Now, I’m all in favour of democracy myself… I prefer living within a fully-democratic system rather than under a communist, fascist, or repressive theocracy. However, I’m against waging wars to imposing the American, or any other, democratic system, on other nations. I’m equally opposed to a purely-ideological foreign policy that would treat the governments of the world purely according to how Freedom House and similar bodies grade them according to how it assesses their freedoms. This is hardly an anti-American position. George Washington, Benjamin Franklin, John Quincy Adams, and modern Presidents Dwight Eisenhower, Harry Truman, Richard Nixon, Ronald Reagan, George Herbert Walker Bush, and Bill Clinton believed and acted exactly the same way.
Ironically, the history of the West and the USA over the past three-quarters of a century exposes the dangerous folly of such self-righteous fantasies. Britain and the USA only won World War II against Nazi Germany because they were allies with the USSR under Iosif Stalin. I believe that not one in 100,000 Americans alive today knows or remembers that it was the Red Army, not the American or British forces, which liberated the Nazi extermination complexes of Auschwitz and Majdanek in Poland.
Nor did Western pragmatism… or hypocrisy… end with the destruction of the truly-evil Third Reich. Many still hail President Nixon as an American statesman and peacemaker for his détente policy with the USSR and his outreach to China. Not all the repercussions of the Watergate scandal that forced him to resign can take that away. Yet, Nixon, like Reagan after him, supported the two most corrupt régimes on the planet for decades, which ground hundreds of millions of their unfortunate peoples into degradation and despair.

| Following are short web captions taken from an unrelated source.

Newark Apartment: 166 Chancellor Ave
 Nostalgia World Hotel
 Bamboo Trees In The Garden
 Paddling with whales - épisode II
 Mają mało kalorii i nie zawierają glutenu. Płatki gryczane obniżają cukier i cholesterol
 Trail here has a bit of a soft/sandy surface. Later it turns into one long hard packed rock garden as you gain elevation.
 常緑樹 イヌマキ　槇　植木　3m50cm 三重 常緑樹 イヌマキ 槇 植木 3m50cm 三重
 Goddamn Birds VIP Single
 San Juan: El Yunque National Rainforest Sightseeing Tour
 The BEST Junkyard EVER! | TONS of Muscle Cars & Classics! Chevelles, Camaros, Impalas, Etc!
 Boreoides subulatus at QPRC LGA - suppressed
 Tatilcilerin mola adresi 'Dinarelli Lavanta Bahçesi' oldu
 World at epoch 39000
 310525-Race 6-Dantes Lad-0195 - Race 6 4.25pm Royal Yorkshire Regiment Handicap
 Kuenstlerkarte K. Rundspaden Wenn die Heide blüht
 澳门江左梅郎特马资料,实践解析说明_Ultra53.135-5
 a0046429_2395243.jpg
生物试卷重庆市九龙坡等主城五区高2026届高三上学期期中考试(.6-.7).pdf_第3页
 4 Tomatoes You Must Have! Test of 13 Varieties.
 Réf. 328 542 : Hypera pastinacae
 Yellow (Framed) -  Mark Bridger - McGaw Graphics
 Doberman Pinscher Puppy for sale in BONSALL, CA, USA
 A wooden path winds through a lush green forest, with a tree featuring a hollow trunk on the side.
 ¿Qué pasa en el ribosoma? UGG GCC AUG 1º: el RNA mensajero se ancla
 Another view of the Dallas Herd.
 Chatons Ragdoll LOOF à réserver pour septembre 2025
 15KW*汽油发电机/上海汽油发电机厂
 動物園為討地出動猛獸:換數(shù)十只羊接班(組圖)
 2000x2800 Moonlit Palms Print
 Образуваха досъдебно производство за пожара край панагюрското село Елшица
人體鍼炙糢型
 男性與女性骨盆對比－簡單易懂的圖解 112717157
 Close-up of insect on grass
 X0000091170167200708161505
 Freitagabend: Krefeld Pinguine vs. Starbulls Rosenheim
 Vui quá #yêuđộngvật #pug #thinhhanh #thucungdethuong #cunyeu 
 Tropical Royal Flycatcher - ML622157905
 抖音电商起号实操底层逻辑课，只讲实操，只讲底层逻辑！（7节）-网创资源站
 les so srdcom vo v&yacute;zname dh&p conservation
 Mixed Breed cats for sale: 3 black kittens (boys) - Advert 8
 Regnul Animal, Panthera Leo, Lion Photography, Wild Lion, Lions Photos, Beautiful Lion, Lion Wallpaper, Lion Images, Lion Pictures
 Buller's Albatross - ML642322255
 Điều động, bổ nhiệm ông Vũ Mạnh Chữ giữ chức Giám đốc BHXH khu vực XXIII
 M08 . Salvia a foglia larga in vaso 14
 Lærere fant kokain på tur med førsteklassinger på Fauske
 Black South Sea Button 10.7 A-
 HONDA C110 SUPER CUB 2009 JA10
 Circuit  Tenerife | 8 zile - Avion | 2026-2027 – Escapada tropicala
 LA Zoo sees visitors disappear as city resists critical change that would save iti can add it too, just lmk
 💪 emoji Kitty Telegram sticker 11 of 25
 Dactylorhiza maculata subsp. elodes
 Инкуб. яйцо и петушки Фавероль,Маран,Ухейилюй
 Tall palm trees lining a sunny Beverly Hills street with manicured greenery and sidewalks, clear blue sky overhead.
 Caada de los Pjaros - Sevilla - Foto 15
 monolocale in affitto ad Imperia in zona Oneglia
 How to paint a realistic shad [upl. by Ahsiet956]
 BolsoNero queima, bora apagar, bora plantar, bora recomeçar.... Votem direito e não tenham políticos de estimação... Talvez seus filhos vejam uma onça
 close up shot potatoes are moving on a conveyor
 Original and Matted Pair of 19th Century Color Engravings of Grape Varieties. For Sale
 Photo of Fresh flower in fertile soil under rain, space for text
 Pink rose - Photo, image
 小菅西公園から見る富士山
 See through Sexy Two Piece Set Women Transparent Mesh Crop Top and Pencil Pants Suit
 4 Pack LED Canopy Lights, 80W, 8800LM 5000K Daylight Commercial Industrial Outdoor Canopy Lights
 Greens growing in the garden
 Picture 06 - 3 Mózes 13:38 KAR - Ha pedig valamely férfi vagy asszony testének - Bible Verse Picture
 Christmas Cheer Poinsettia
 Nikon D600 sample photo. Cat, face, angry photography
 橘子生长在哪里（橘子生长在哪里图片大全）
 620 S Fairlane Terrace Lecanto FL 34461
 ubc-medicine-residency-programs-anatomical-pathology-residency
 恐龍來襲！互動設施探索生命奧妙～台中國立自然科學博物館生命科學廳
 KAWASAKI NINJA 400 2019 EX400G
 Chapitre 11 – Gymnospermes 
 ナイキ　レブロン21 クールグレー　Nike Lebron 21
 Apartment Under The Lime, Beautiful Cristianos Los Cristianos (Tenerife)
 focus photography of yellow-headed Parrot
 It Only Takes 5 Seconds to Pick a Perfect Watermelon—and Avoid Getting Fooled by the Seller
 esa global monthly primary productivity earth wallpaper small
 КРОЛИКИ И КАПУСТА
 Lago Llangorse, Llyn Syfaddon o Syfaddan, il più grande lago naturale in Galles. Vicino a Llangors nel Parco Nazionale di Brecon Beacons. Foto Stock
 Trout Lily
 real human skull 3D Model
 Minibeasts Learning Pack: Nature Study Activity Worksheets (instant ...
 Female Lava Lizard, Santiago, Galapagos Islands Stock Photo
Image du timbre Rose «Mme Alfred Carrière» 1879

These were the kleptocratic dictatorships of Indonesia under President Suharto and Zaïre (today called the Democratic Republic of the Congo) under President Mobuto Sese Seko.
Russia has come an amazingly long way since I first visited it in the spring thaw season of 1982. That doesn’t mean its political system is the same as those of the USA or the major nations of Western Europe. However, it’s no Indonesia under Suharto or Zaïre under Mobutu either. What’s more, the USA never had any trouble getting along with them. All the moral lecturing of Russia by Western critics misses two crucial points.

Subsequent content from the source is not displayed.